I studied theater history in college, and I remember that practically every great early actor came from unbelievable adversity. In fact, it seemed to be a prerequisite for awhile that to be a great actor you had to have your ass kicked early in life, and then those experiences(presumably) led you to greatness. I remember thinking - "wow, maybe my life hasn't been hard enough for me to be a great actor..."

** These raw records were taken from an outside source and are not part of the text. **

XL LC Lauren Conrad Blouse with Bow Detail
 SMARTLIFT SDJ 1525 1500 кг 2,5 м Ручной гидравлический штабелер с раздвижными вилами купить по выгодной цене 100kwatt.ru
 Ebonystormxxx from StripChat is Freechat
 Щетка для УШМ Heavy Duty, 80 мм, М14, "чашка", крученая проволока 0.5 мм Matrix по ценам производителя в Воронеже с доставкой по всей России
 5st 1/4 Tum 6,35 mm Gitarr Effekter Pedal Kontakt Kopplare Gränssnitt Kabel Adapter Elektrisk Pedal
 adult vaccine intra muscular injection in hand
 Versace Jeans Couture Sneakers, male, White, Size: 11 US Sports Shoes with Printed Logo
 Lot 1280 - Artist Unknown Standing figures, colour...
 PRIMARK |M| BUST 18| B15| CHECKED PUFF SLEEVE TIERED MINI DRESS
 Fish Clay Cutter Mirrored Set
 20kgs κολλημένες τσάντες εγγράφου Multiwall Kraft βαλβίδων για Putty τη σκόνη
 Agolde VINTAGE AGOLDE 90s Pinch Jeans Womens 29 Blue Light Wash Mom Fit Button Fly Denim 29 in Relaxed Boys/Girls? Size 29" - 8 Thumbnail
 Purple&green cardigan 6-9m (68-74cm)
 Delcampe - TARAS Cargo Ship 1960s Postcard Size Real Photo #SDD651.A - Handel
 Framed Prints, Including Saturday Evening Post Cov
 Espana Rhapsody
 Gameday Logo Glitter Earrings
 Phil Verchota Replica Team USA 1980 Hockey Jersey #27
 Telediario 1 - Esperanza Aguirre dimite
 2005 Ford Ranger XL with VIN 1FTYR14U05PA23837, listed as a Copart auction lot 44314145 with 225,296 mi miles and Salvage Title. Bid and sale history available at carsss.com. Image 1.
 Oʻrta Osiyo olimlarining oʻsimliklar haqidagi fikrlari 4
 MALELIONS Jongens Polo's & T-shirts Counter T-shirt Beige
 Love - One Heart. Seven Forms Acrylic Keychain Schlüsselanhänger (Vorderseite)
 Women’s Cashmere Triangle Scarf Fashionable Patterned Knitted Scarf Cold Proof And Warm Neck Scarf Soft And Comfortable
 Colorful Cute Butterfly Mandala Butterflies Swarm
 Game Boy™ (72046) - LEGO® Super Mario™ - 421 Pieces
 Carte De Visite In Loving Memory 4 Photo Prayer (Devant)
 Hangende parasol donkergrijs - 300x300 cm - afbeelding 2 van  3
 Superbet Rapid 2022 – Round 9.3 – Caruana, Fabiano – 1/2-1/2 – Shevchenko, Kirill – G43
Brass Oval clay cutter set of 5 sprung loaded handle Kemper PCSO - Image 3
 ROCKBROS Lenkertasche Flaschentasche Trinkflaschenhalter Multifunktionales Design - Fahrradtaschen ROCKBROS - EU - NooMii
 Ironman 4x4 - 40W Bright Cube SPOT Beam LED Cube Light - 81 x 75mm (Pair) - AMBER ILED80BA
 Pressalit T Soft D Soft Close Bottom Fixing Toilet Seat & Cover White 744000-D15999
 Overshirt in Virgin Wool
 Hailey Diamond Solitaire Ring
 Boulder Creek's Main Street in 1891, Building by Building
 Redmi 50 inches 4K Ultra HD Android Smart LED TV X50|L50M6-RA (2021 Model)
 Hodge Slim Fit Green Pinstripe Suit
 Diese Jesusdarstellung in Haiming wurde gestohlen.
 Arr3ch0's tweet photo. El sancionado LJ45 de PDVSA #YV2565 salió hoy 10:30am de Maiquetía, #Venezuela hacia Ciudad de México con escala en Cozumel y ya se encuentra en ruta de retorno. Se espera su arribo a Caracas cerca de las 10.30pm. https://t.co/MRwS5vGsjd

A variety, a richness, a diversity of experience that includes the unexpected, the shocking, the awful, and the sad, is what constitutes life. When we insist that everyone be nice in youth, we're removing life's difficulty from their experience and falsely presenting life as an easy walk through a flower-strewn forest path. When we teach our kids happy-happy-joy-joy, we're not preparing them for the random "I-jacked-up-my-truck-y'all" douchebag who will flip them off in an intersection for no apparent reason. We're not preparing them for the random jackass in a bar, or the meth-addled toothless trainwreck who asks them for money "for food, totally." We're not preparing them for the power company accidentally shutting off their power due to a mix-up, for getting laid off, or for a dog that runs at them suddenly
We're not preparing our children for a job market where they might be one of 50 applicants for any given position, let alone the punk who yells "faggot!", or worse, driving by - just because. Because some people are just dicks.
Life isn't a combat situation, but adversity is a large part of it. I'm not suggesting we abuse our children, or let them be abused to prepare for later adversity. Of course we would never sit idly by and let our children be attacked. But can't a tiny bit of difficulty be a good inoculation for the adversity they'll experience later?